Tout le système des explications données par M. Rosetti, repose sur une suite d'événements historiques généralement bien avérés, mais auxquels il est parvenu à reconnaître une tendance simultanée vers un but unique, et pour un objet bien déterminé. Son point de départ est le projet qu'avait formé Frédéric II, yers 1198, de constituer les divers États de l'Europe en monarchie universelle, dont l'empereur serait le chef. Cette idée, qui séduisit tous les esprits distingués de ce temps, avait évidemment pour objet, chez ceux qui l'adoptèrent, de les soustraire à la puissance envahissante du SaintSiége, qui, sous prétexte de régler tout spirituellement au nom des apôtres, était parvenu à un pouvoir temporel si redoutable, que les souverains du monde en furent alarmés. Ce fait est positif et avéré. C'était la suite des querelles du sacerdoce avec l'empire, commencées sous le pontificat de Grégoire VII, et ce qui se reproduisit encore jusqu'à Philippe-le-Bel, lors de ses démêlés avec le pape Boniface VIII. Il est donc impossible de nier que de la part de plusieurs princes régnants et de celle des empereurs en particulier, il n'y ait eu volonté constante de rabaisser, de diminuer au moins le pouvoir temporel des Papes.

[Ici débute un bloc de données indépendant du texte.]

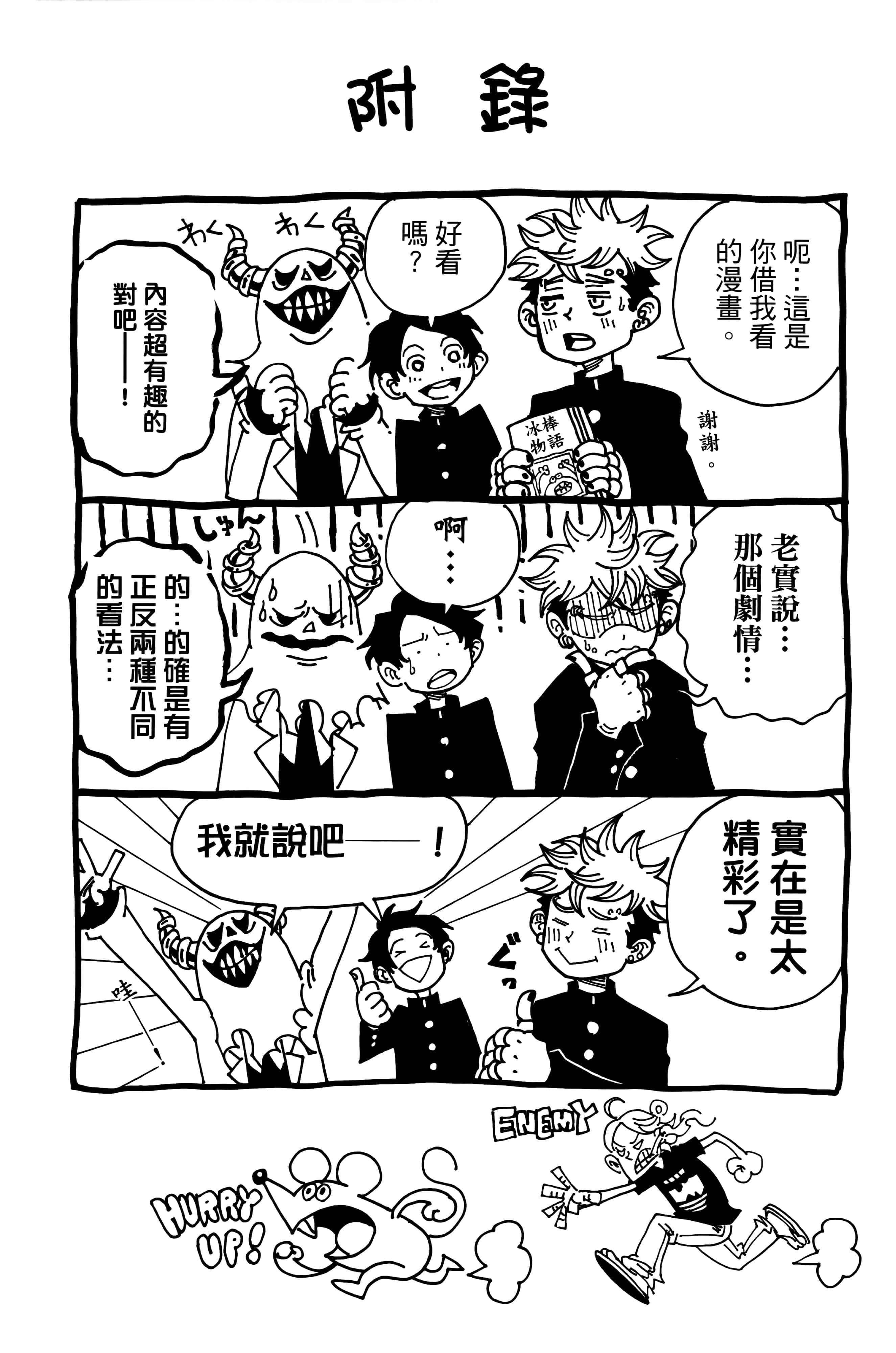 第 215 页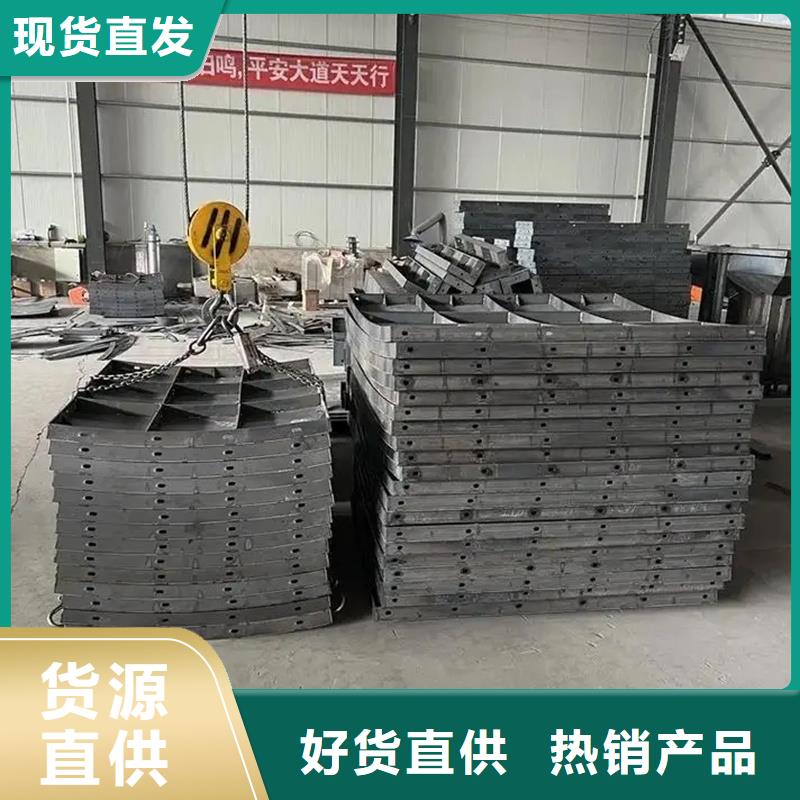 风电基础模具风电基础模具常年供应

Le caractère personnel de l'empereur Frédéric II, ses entreprises furibondes contre le Saint-Siége, les nombreuses excommunications dont il fut frappé, sa vie licencieuse et, dit-on même, impie, ont sans doute

puissamment contribué à faire penser que ce prince, en attaquant si fréquemment les papes, ne bornait pas ses prétentions à abaisser leurs forces temporelles, mais qu'il avait même résolu de provoquer une réforme radicale dans la discipline du clergé et peut-être même dans la doctrine chrétienne.

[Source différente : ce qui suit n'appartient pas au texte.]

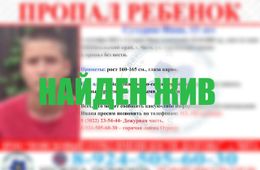 В Чите потерялся 13-летний подросток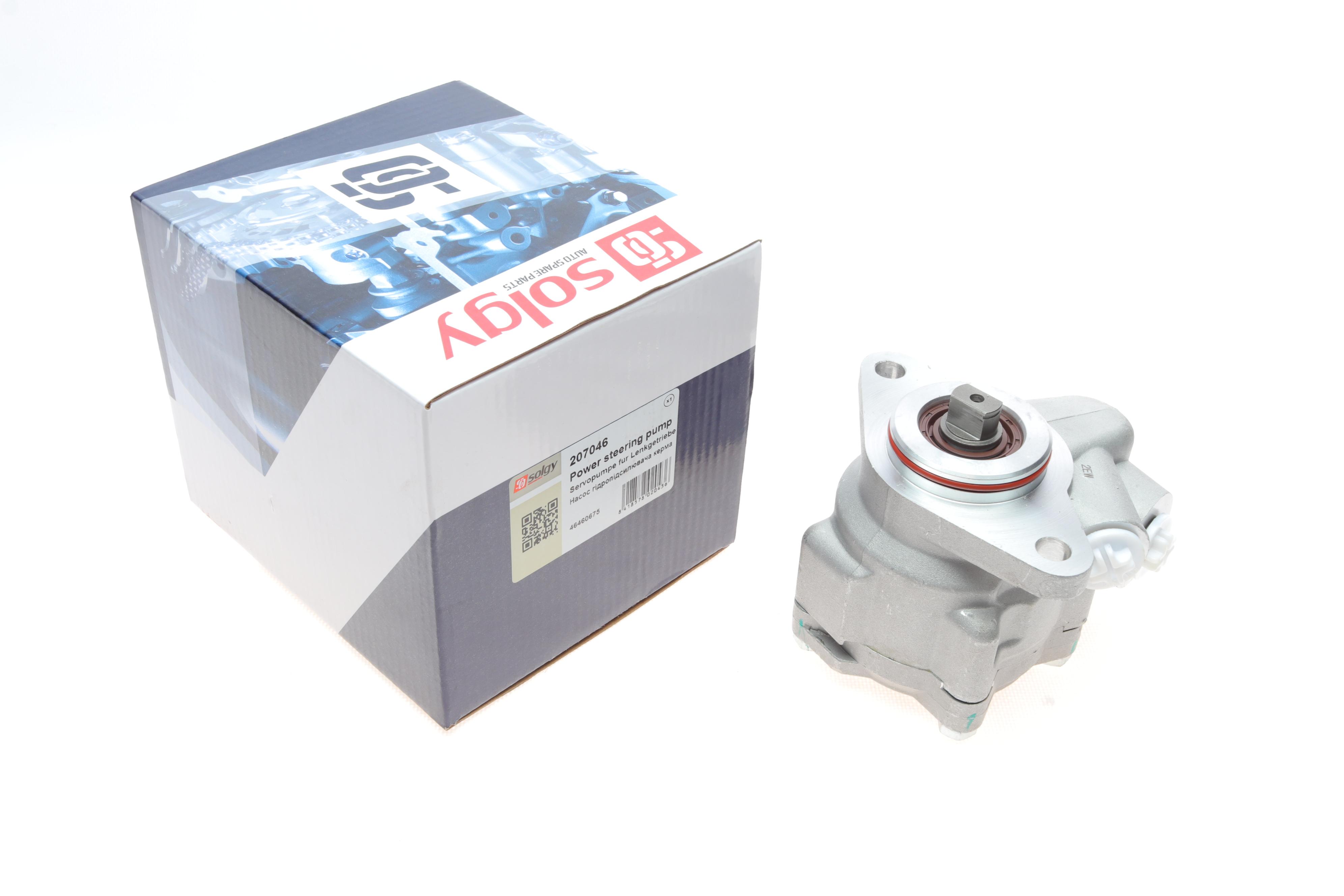 Насос ГПК Fiat Ducato 2.5TDI/2.8D 94-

M. Rosetti, d'après ces données, suppose donc que Frédéric II, dans l'intérêt de l'établissement de la monarchie impériale, et pour réunir à cet intérêt le plus de fidèles qu'il serait possible, a institué une espèce de société secrète ayant son mot d'ordre, son jargon, au moyen desquels tous ceux qui se rattachaient successivement à la cause impériale pour détruire la puissance papale, pouvaient s'entendre, communiquer et agir secrètement dans tous les États de l'Europe. Cette société secrète, cette secte, selon M. Rosetti, n'est autre que le parti anti-papiste, bien connu dans l'histoire des Gibelins, dont les fureurs, ainsi que celles de leurs antagonistes les Guelfes, ont ensanglanté l'Italie pendant plus de deux siècles; et, comme nous venons de le voir, les Chansons, les Sonnets, les poèmes et les romans même ne sont que des espèces de pamphlets politiques que l'on faisait circuler dans le monde, pour répandre peu à peu, et sous le voile des allégories, la doctrine monarchique impériale.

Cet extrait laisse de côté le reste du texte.